Asim Waqif crushes, folds, bends, grows, layers and builds — manipulating materials like metal, bamboo and rubber pipes into monumental structures that straddle the “edge between” development and collapse. Abandoned and forgotten spaces start speaking again in his work, such as in his installation of plastic bottles spelling ‘HELP’ on the river Yamuna river in 2010-11, envisioned as a river goddess’ protest; as do the materials that become trash in order to maintain other spaces as liveable, as in his installation of discarded rubber pipes, wrapped around the grand staircase at the Chicago Cultural Center.
We meet the artist in his two-room studio within a Delhi Development Authority complex in South Delhi, where he creates smaller sculptural works in crushed metal and cyanotype.

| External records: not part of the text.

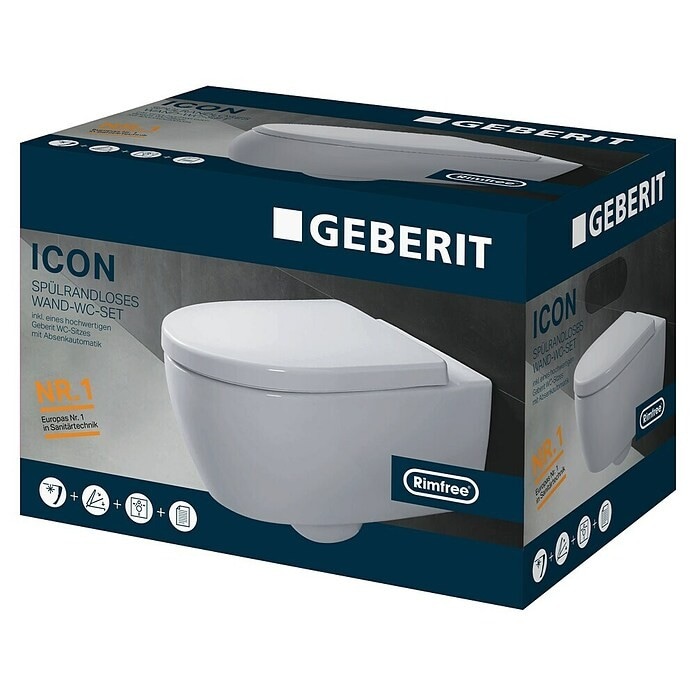 Wand-WC-Set iCON Geberit Angebot bei Bauhaus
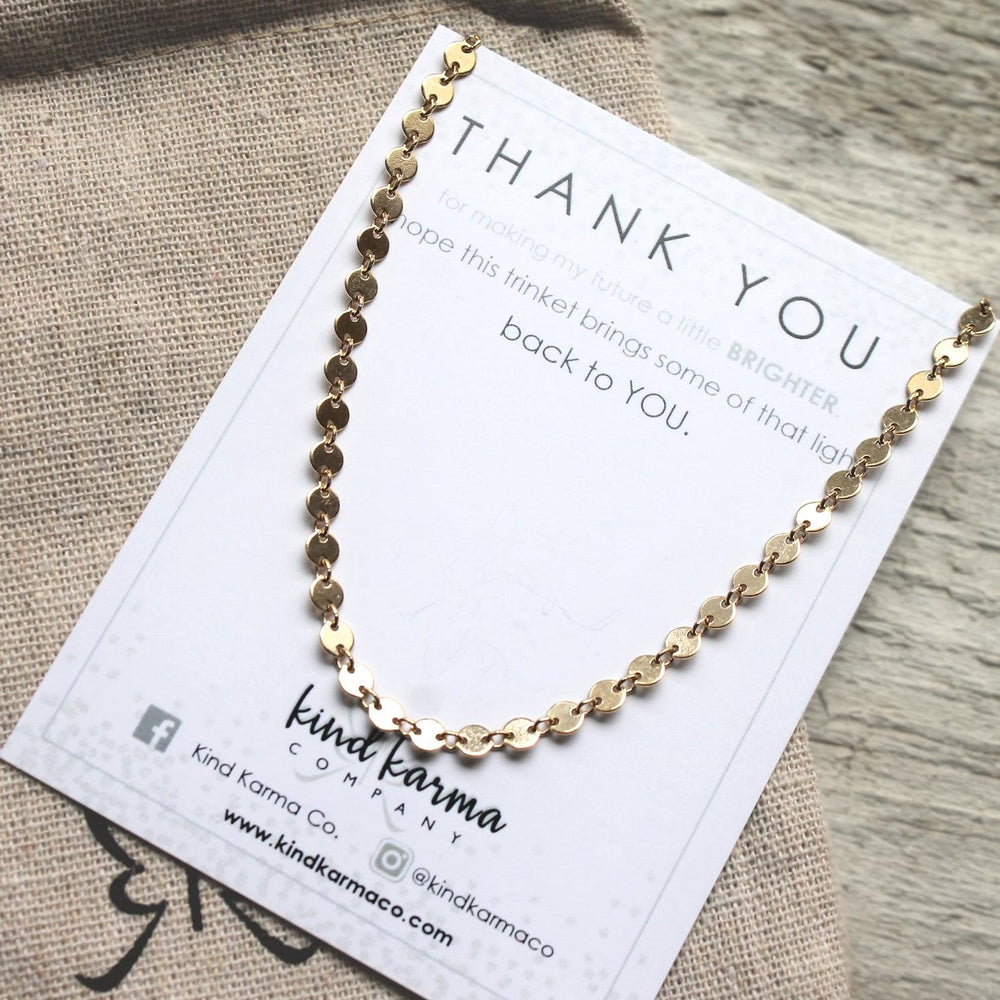 gold filled coin necklace choker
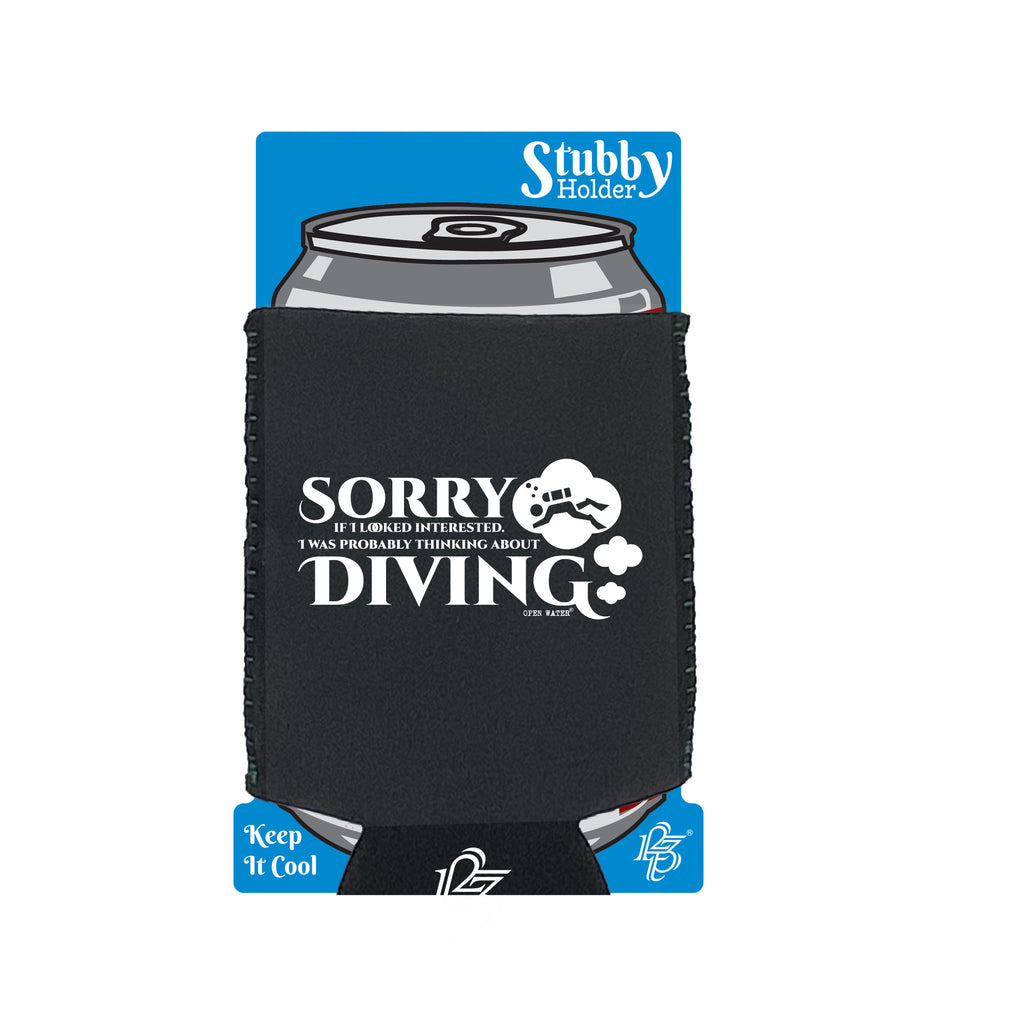 Ow Sorry Diving - Funny Stubby Holder With Base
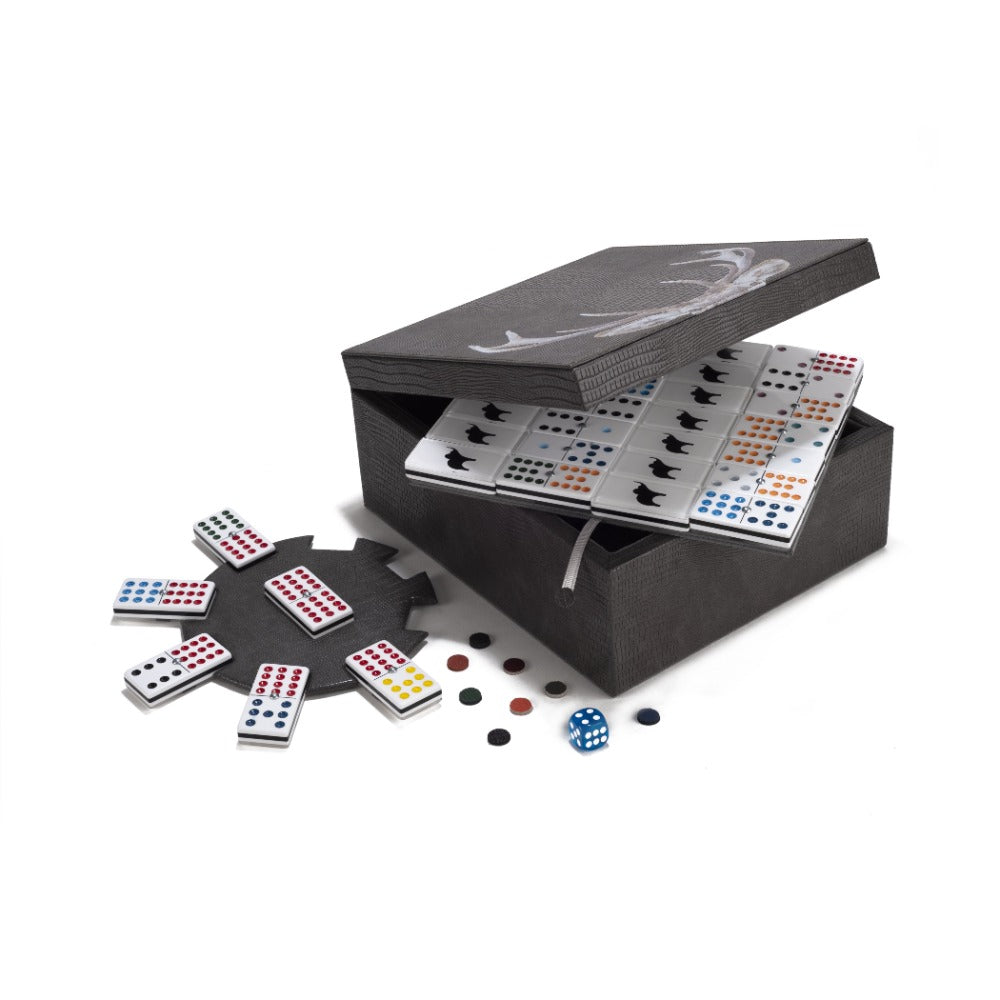 DOMINO CUBANO LUJO GRIS ARMADILLO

Sheets of paper with test formulae of cyanotype chemicals are pasted all over the kitchen cabinets and exposure lamps hang over a worktable with sculptures in progress. “Looking at trash is similar to archeology,” the artist tells us in this space, full of the unused metal and bamboo from projects past, and which become the context and inspiration for current and future experiments.
In this BMW Artist Film, Asim Waqif tells us about the importance of working with a good team in creating large-scale installations, and his desire to create playful “game environments” for audiences.
Asim Waqif was born in 1978 in Hyderabad, India. His work will be shown at India Art Fair 2024 by Nature Morte.